What you are asked to do:
Transcribed word for word, the lines below from the one with "连衣裙的装扮精致耐看不浮夸, 一点也不张扬" through the last line of the records form the answer; no picture is to be included.

Data shown:
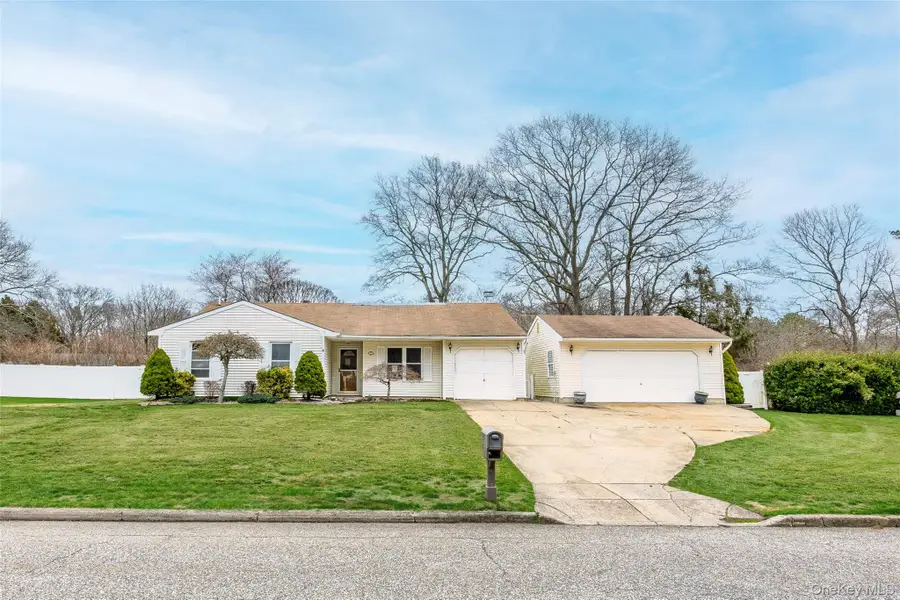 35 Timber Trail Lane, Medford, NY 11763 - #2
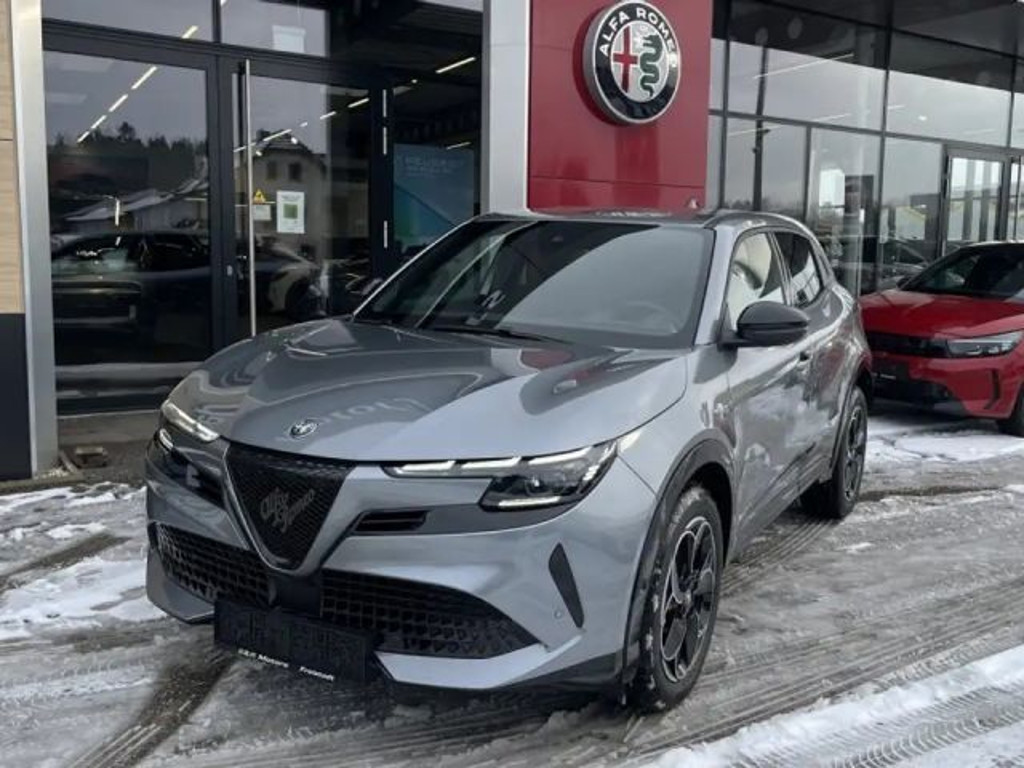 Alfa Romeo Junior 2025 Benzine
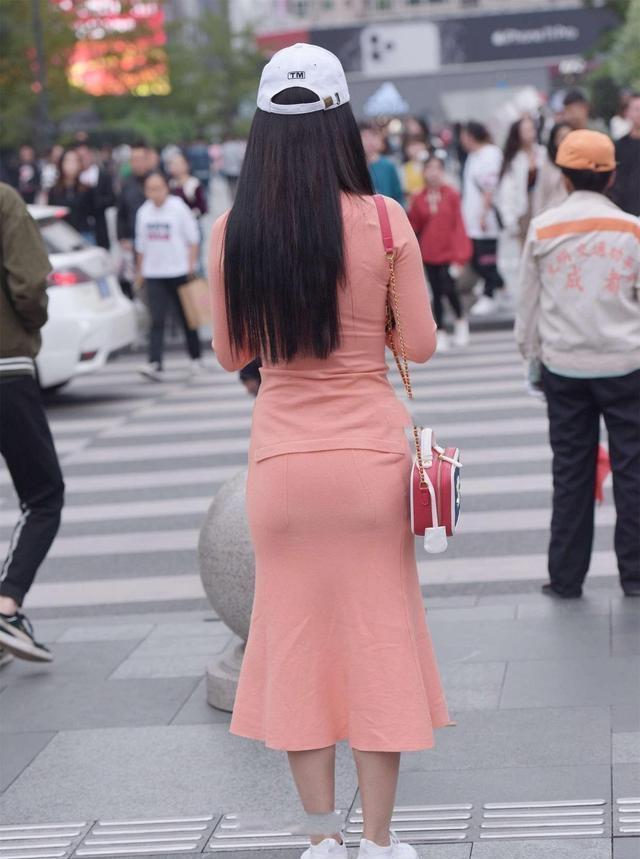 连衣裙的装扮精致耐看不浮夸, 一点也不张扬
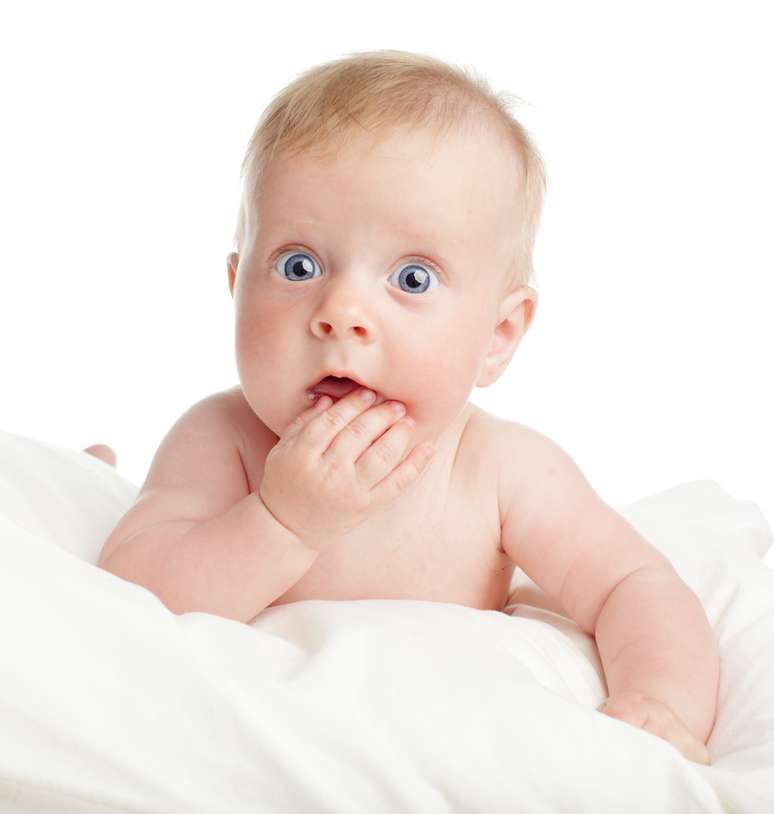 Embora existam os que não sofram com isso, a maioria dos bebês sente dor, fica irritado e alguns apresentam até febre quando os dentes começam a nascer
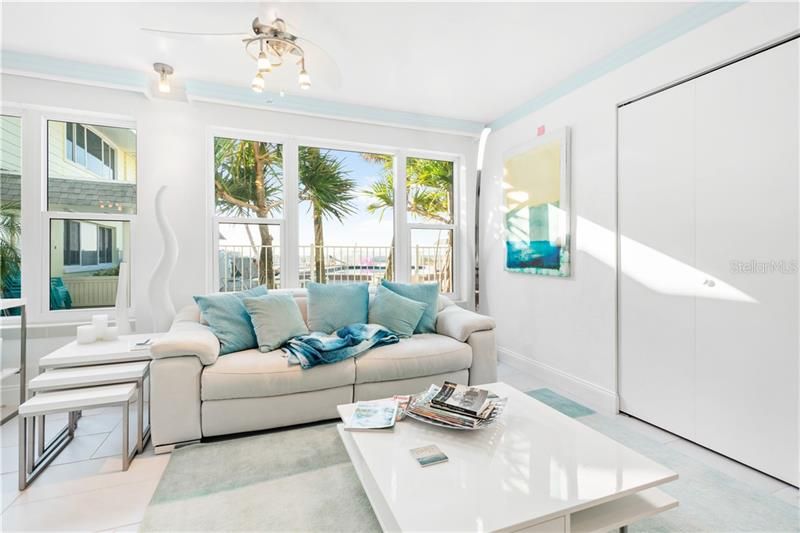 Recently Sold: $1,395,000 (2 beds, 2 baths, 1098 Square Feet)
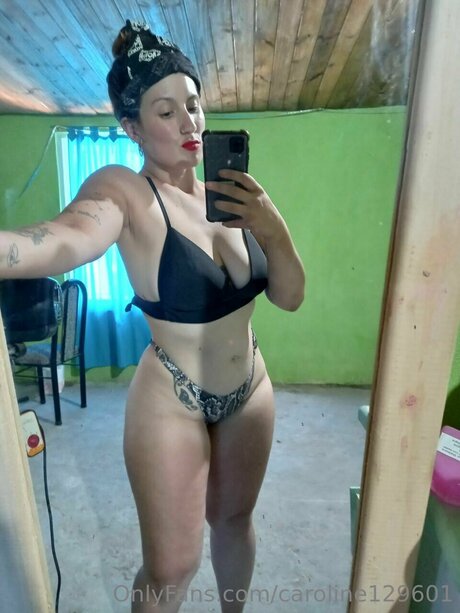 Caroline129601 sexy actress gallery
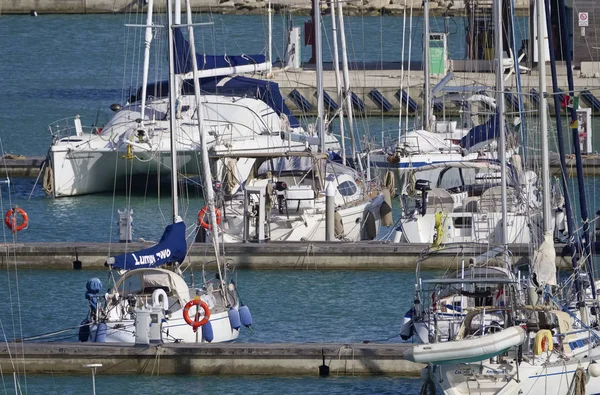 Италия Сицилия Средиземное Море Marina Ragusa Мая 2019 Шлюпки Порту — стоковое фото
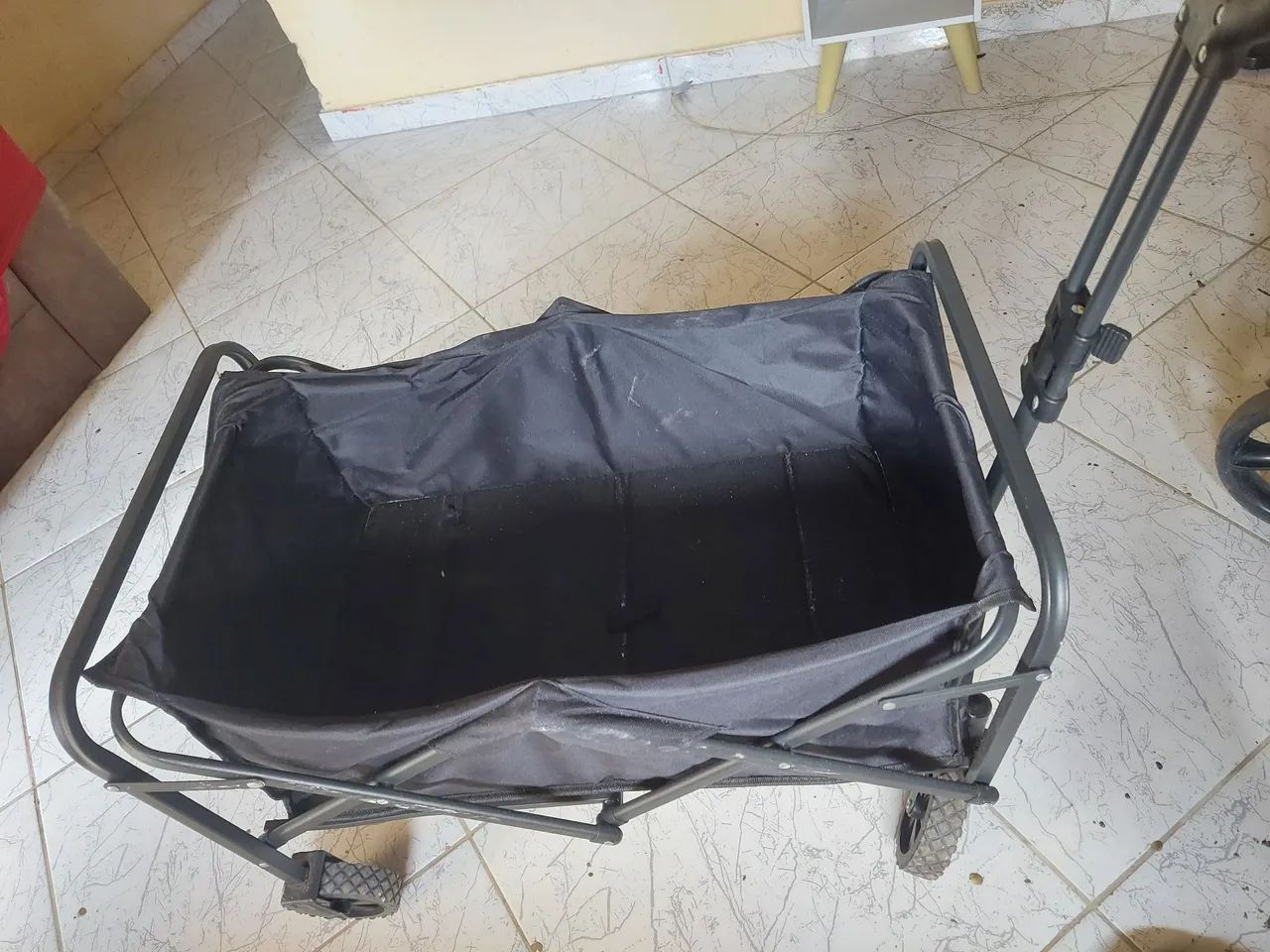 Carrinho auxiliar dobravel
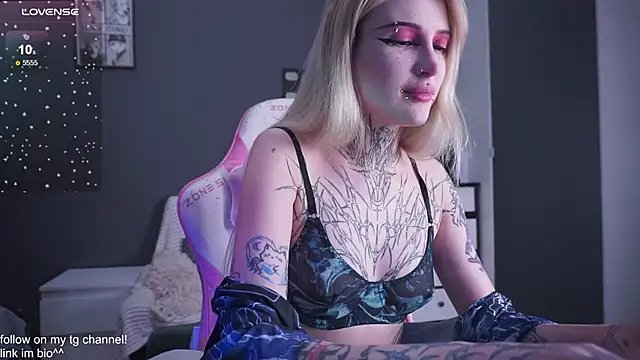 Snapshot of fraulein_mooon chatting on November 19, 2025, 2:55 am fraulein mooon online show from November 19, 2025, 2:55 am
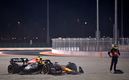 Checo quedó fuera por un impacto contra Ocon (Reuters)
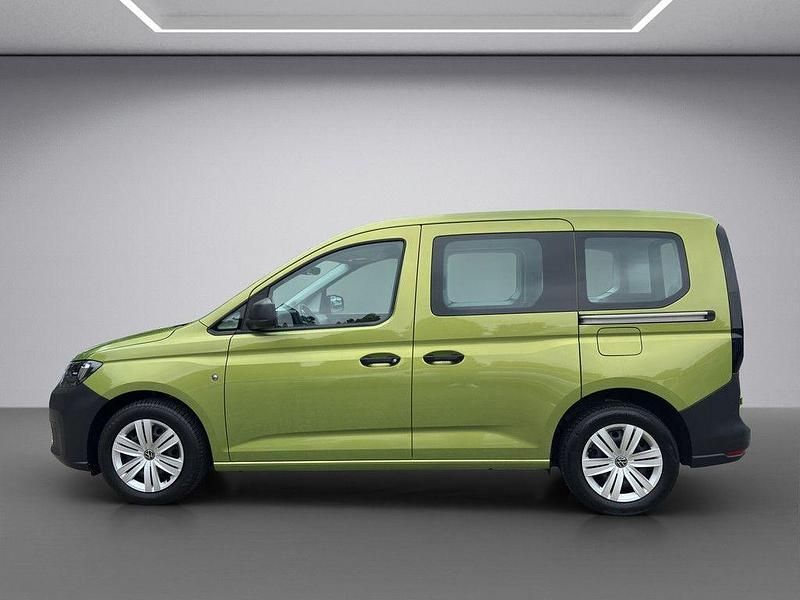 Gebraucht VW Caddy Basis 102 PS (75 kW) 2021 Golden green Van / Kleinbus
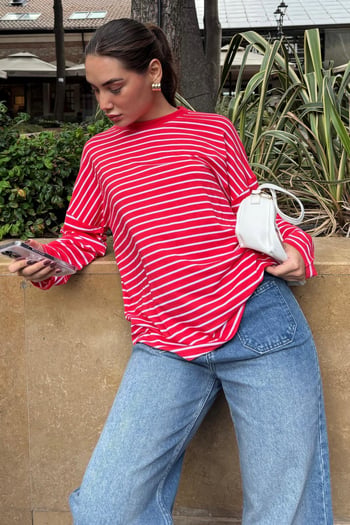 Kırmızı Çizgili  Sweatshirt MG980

Solution:
 连衣裙的装扮精致耐看不浮夸, 一点也不张扬
 Embora existam os que não sofram com isso, a maioria dos bebês sente dor, fica irritado e alguns apresentam até febre quando os dentes começam a nascer
 Recently Sold: $1,395,000 (2 beds, 2 baths, 1098 Square Feet)
 Caroline129601 sexy actress gallery
 Италия Сицилия Средиземное Море Marina Ragusa Мая 2019 Шлюпки Порту — стоковое фото
 Carrinho auxiliar dobravel
 Snapshot of fraulein_mooon chatting on November 19, 2025, 2:55 am fraulein mooon online show from November 19, 2025, 2:55 am
 Checo quedó fuera por un impacto contra Ocon (Reuters)
 Gebraucht VW Caddy Basis 102 PS (75 kW) 2021 Golden green Van / Kleinbus
 Kırmızı Çizgili  Sweatshirt MG980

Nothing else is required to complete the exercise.